Some things were just never meant to happen. In the 1890s a new Yorkshire seaside resort to rival Scarborough was planned for the south side of picturesque Robin Hood’s Bay, but today visitors photograph the few buildings and foundations that were constructed before the grandiose project collapsed.
I’m beginning to think the same fate might await HS2, the eye-drowningly expensive rail link between London and the North that makes the word grandiose seem like an understatement.
On paper at least, the line’s concept was initially on the right track. Super-trains cruising at 250mph would shorten present day journey times by almost half an hour. This, we were told, would help to erase the north-south divide and fire up local economies from the Mersey to the Humber.
But mile by mile, HS2 has been cut back. A year or so ago it was announced the eastern leg to Leeds had been scrapped and a link to the East Midlands curtailed. Last summer it emerged that a 13-mile stretch of new track to the West Coast Main Line through the leafy Altrincham and Sale West constituency of Tory grandee Sir Graham Brady had – surprise surprise – also been abandoned.
More recently, there’s been doubt cast on whether the line would even terminate in central London, while the number of trains an hour is to be downsized from 18 to 10. Even that blistering 250mph speed is set to be throttled right back. So HS2 is starting to sound less like a new golden age of railways and more like business as usual on the UK rail network. Instead of HS meaning high speed it’s on course to mean horribly slow. We’re entitled to wonder what the point of it is apart from being a massive face-saving exercise for the Conservatives.
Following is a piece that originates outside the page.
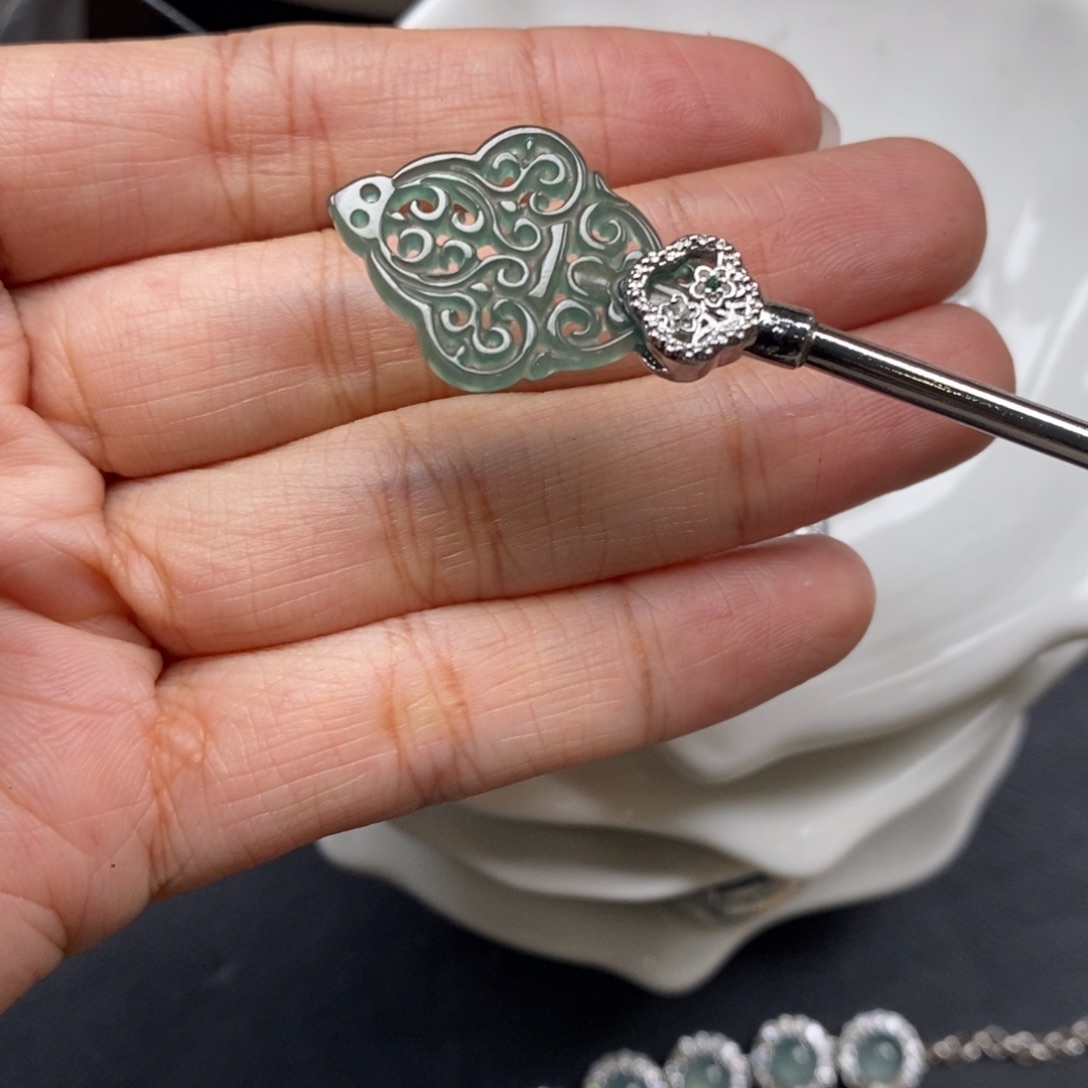 翡翠颈饰未镶嵌翡翠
I was sceptical the moment HS2 was fanfared. Bulldozing the line through fields, woods, towns and villages would uproot thousands of people and ruin many a valuable wildlife habitat, I wrote. The most gargantuan construction project in UK history would also open up a vast financial black hole. Sure enough, the cost has spiralled from an initial estimate of £30 billion to almost £100 billion now.
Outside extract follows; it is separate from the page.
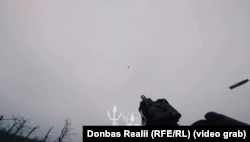 Боєць спецпідрозділу СБУ «Альфа» збиває російський FPV-дрон в районі Покровська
Meanwhile, our existing rail and bus networks have become a joke, with money for local transport set to be cut back even further in coming months. Recently I saw a bus shelter in a Yorkshire village that looked like a relic from another time, the last scheduled service having picked up passengers three years ago. A piece of graffiti felt-tipped onto the glass read “In memory of all those who died here waiting for a bus”.
Earlier this month the shadow transport secretary, Sheffield Heeley MP Louise Haigh, wrote that the near-total collapse of our local bus services is a “quiet crisis” faced by millions of people. Since 2012, the year HS2 was announced, thousands of routes have been lost across England, more than 1,000 of them in the last year alone.
With HS2’s completion date constantly pushed back it may become the UK’s equivalent of Antoni Gaudi’s fantastic cathedral, the Sagrada Familia, begun in 1883 but still Barcelona’s most famous construction site. Preferably, though, the government should axe it altogether and spend the money on public transport that people need in their daily lives. Like that doomed Yorkshire seaside resort, the overgrown cuttings may then become a tourist attraction in future decades.